HB 1195 received a helpful amendment in the House Appropriations Committee before being voted out, but the fundamental flaws of this bill remain. Most prominent among them is the provision that flatly prohibits cities from denying an application to build an emergency shelter on any residential parcel.
The second substitute version added a “null and void clause” which states that if specific funding for the bill is not included in the operating budget, the bill does not become law. The Appropriations Committee also added that the Department of Commerce would not be directed to provide the dispute resolution process required in the bill unless funds were appropriated.

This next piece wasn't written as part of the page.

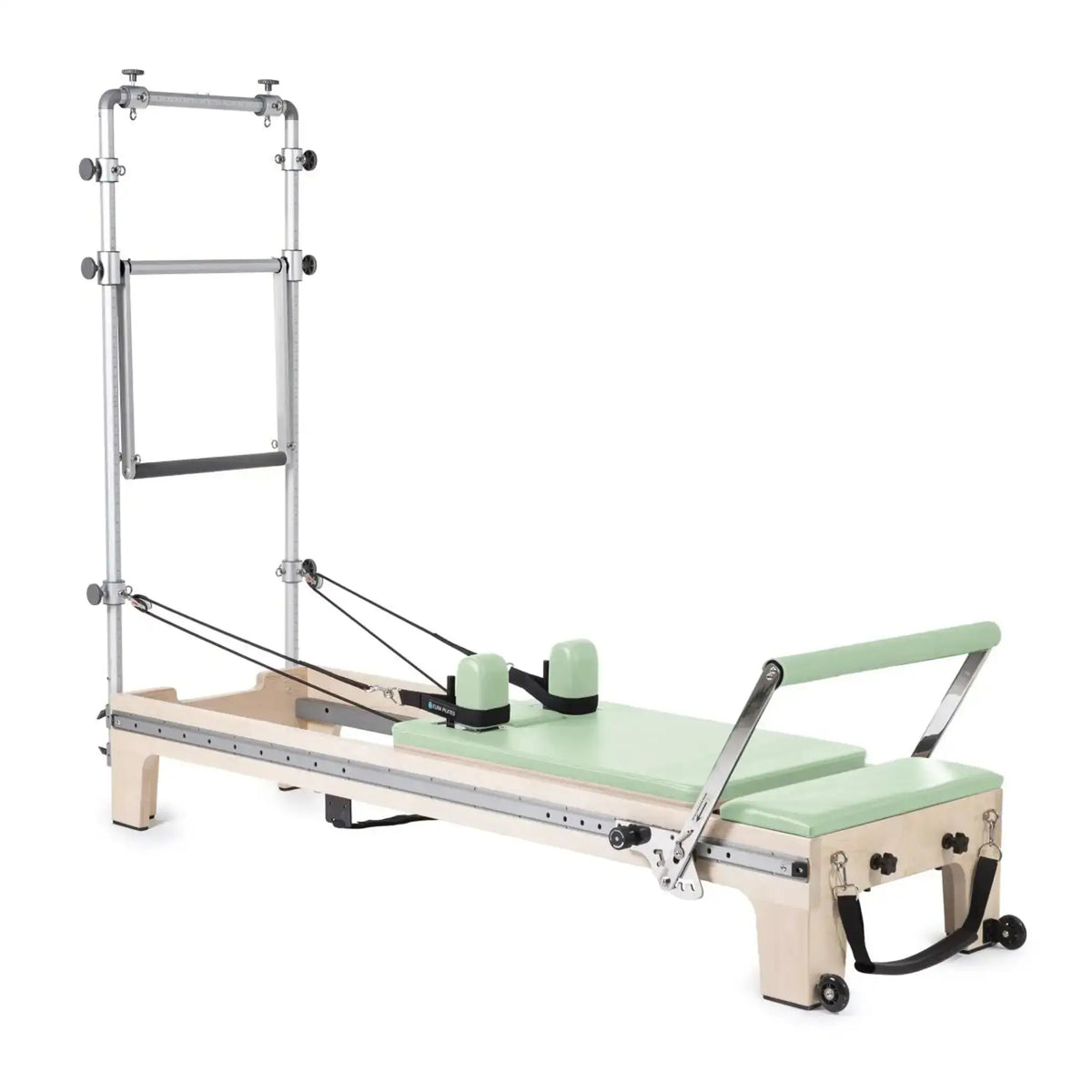 Elina Pilates Master Instructor Reformer mit Tower aus Ahornholz mit hellgrünen Polstern, Seitenansicht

While those changes are certainly appreciated, many question why this bill is needed at all. As of 2021, cities are required to allow transitional and permanent supportive housing in all areas where hotels or housing are allowed. Further, cities must allow shelters and emergency housing in areas where hotels are allowed, unless a city allows them along transit proximity corridors instead. And although cities may require reasonable occupancy, spacing, intensity of use requirements, these requirements cannot not prevent the siting of STEP housing.
For those that want to remove the ability of the public to pressure a local decision on a STEP housing project, the bill adds a requirement that cities must review STEP permit applications using an administrative process. That alone is all that is needed to achieve that goal. And, ideally, would only amend the law passed in 2021 (HB 1220) to make that change (Sec. 3 & 4). Instead, the bill proposes an additional, impractical, costly bureaucratic process by adding another section to the Growth Management Act that allows the applicant to waive city requirements and then to have Commerce serve as the arbiter.
AWC continues to oppose this approach and requests that if this bill continues to advance, it should be amended to only contain the changes in sections 3 and 4—adding administrative approval of STEP housing.
HB 1195 was referred to the Rules Committee where it will wait to get pulled to the floor for a vote by all members of the House. Please reach out to your House members to influence this bill.
STEP housing bills on the move
January 31, 2025
Shelters, transitional, emergency, and permanent housing—collectively known as STEP housing—are the focus of a pair of bills that are progressing through the Legislature.
A substitute version of HB 1195 was voted out of committee. Here is a summary of the changes:
- Prohibits a local comprehensive plan or development regulation from denying or precluding a permit application for STEP housing only if the project is in a residential or commercial zone within an urban growth area that includes or is contiguous with a city.
- Prohibits a city from approving a permit application for STEP housing in any area zoned for industrial use.
- Requires a city or county to review for compliance, rather than approve, any permit application for STEP housing using an administrative process only.
- Extends the time by which a city or county must amend a zoning ordinance or development regulation after a Commerce finding of noncompliance with STEP housing requirements from 60 to 120 days.
- The substitute bill removes the definition and all uses of the term "preclusive effect."
The Senate companion bill to HB 1195 is SB 5497, sponsored by Sen. Emily Alvarado (D–Seattle).
Date to remember
SB 5497 will be heard in the Senate Committee on Housing on Wednesday, February 5 at 10:30 am.
Proposal to require approval of all transitional, supportive, and emergency housing
January 20, 2025
Three years ago the Legislature passed a law (HB 1220) requiring that all cities allow transitional, permanent supportive, and emergency housing and shelters in zones that allow housing and hotels, with an alternative path for shelters near transit. A new proposal amends that law and adds a new requirement to the Growth Management Act (GMA).
HB 1195, sponsored by Rep. Strom Peterson (D–Edmonds), would add the following to the GMA:
- Comprehensive plans, developments regulations, and permit processes must not deny or preclude supportive, transitional, or emergency housing/shelter
- A city must approve a permit for this type of housing unless in critical areas, natural hazard area, or on agricultural, forest, or mineral lands
- If a developer is unable to site this type of housing, they may seek a waiver of requirements from the city citing the standards or permit conditions that are allegedly precluding the housing
- If the city and developer disagree, either may send the issue to Commerce for dispute resolution
- If dispute resolution is unsuccessful than the Commerce must review all relevant documents for compliance
- If Commerce finds the city is noncompliant then shared state revenues are withheld from the city until the city complies
- The developer, at any point, can also request Commerce to review the city’s decision
- Commerce is authorized to create rules for this new authority
The bill also requires cities to process permit application for these types of housing as an administrative action.
Date to remember
HB 1195 will be heard in the House Housing Committee on Tuesday, January 21 at 4 pm.